[Haskell-cafe] Designing DSL with explicit sharing [was: I love purity, but it's killing me]

Wed Feb 13 04:33:19 EST 2008

Tom Hawkins  wrote:
] My DSLs invariably define a datatype to capture expressions; something
] like this:
]
] data Expression
]   = Add Expression Expression
]   | Sub Expression Expression
]   | Variable String
]   | Constant Int
]   deriving Eq
] The problem comes when I want to generate efficient code from an
] Expression (ie. to C or some other target language).  The method I use
] invovles converting the tree of subexpressions into an acyclic graphic
] to eliminate common subexpressions.  The nodes are then topologically
] ordered and assigned an instruction, or statement for each node.  For
] example:
]
] let a = Add (Constant 10) (Variable "i1")
]     b = Sub (Variable "i2") (Constant 2)
]     c = Add a b
] The process of converting an expression tree to a graph uses either Eq
] or Ord (either derived or a custom instance) to search and build a set
] of unique nodes to be ordered for execution.  In this case "a", then
] "b", then "c".  The problem is expressions often have shared,
] equivalent subnodes, which dramatically grows the size of the tree.
] For example:
]
] let d = Add c c
]     e = Add d d    -- "e" now as 16 leaf nodes.
]
] As these trees grow in size, the equality comparison in graph
] construction quickly becomes the bottleneck for DSL compilation.

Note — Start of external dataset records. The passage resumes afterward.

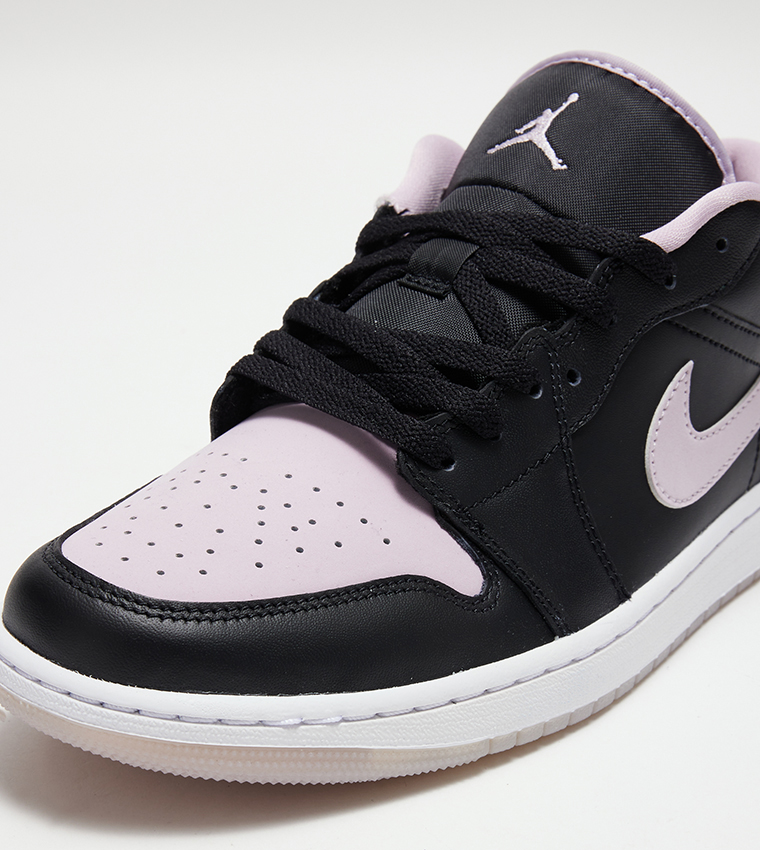 Buy Nike Air Jordan 1 Low Top Sneakers In Black | 6thStreet UAE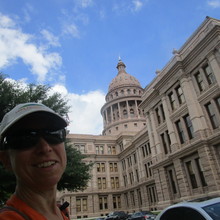 Marcy Beard at the Texas Capital in Austin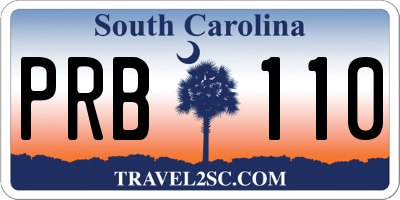 SC license plate PRB110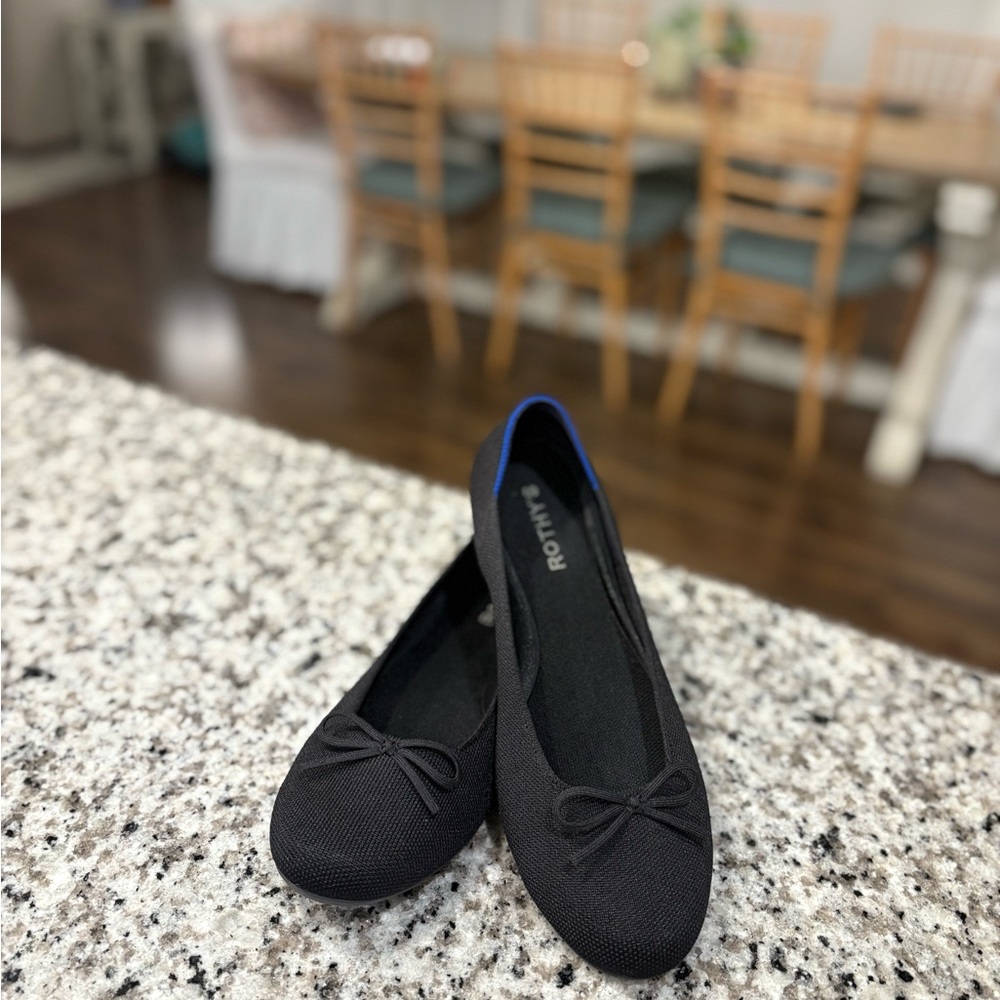 Rothy's Black Women's Rounded Toe Ballet Flats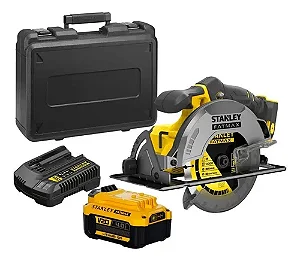SERRA CIRCULAR 7-1/4” (185MM) BRUSHLESS 20V MAX* ÍON DE LÍTIO COM 1 BATERIA, CARREGADOR E MALETA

We show the design of the same sort of DSL that explicitly maintains
sharing information and where node comparisons are quick, because we
are comparing hashes rather than trees themselves. Our approach is
assuredly safe, pure, and Haskell98 (save for disabling of the
monomorphism restriction, which is done solely to avoid writing
signatures). No GHC-specific behavior is relied upon.

> {-# OPTIONS_GHC -fno-monomorphism-restriction #-}
>
> module DSL where
>
> import Data.IntMap as IM
> import Control.Monad.State

The approach is based on the final tagless representation. Here is our
DSL:

> class Exp repr where
>    constant :: Int -> repr Int
>    variable :: String -> repr Int
>    add :: repr Int -> repr Int -> repr Int
>    sub :: repr Int -> repr Int -> repr Int

Tom Hawkins' test expressions now look as follows

> a = add (constant 10) (variable "i1")
> b = sub (variable "i2") (constant 2)
> c = add a b
> d = add c c
> e = add d d

which is the same as before modulo the case of the identifiers:
everything is in lower case.

We can show the expressions as before: showing is one way
of evaluating things

> newtype S t = S{unS :: String}
>
> instance Exp S where
>     constant x = S $ show x
>     variable x = S x
>     add e1 e2 = S( unS e1 ++ " + " ++ unS e2)
>     sub e1 e2 = S( unS e1 ++ " - " ++ unS e2)
>
> test_showe = unS e

*DSL> test_showe
"10 + i1 + i2 - 2 + 10 + i1 + i2 - 2 + 10 + i1 + i2 - 2 + 10 + i1 + i2 - 2"

We can write an evaluator for the expressions

> type REnv = [(String,Int)]
> newtype R t = R{unR :: REnv -> t} -- A reader Monad, actually
>
> instance Exp R where
>     constant x = R $ const x
>     variable x = R ( \env -> maybe (error $ "no var: " ++ x) id $ 
> 		     Prelude.lookup x env)
>     add e1 e2 = R(\env -> unR e1 env + unR e2 env)
>     sub e1 e2 = R(\env -> unR e1 env - unR e2 env)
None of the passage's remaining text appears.